• How to complete this task: Print the lines from the one containing "FOSMET RINGX RX10の充電ケース。" through the end of the material below, both included, exactly as they appear and without pictures.

(Data excerpts Opens)

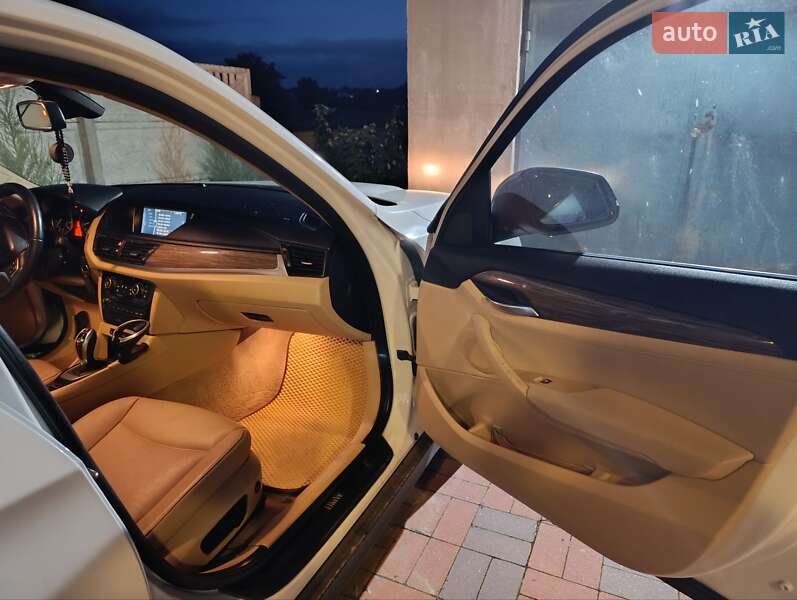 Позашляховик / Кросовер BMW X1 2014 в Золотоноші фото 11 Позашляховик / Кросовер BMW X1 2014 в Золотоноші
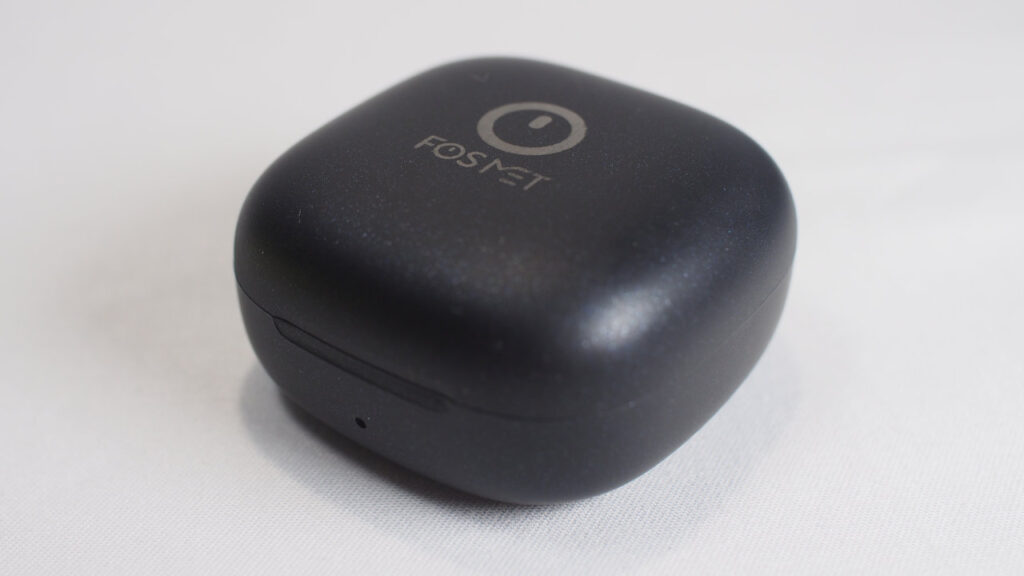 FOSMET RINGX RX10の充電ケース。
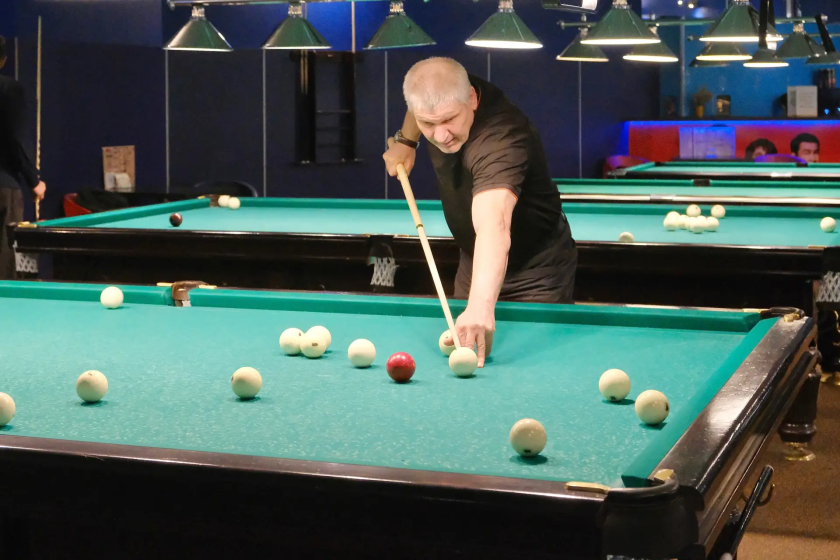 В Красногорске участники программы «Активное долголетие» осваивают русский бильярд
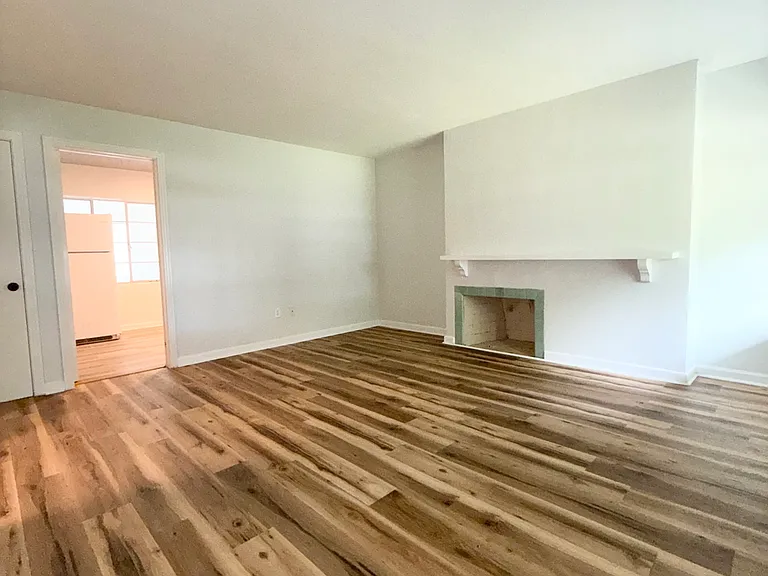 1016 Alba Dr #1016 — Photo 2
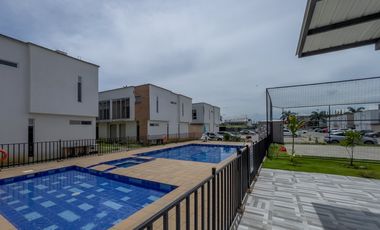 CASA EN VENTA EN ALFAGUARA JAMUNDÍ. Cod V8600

(Data excerpts Closes)

• Task result:
 FOSMET RINGX RX10の充電ケース。
 В Красногорске участники программы «Активное долголетие» осваивают русский бильярд
 1016 Alba Dr #1016 — Photo 2
 CASA EN VENTA EN ALFAGUARA JAMUNDÍ. Cod V8600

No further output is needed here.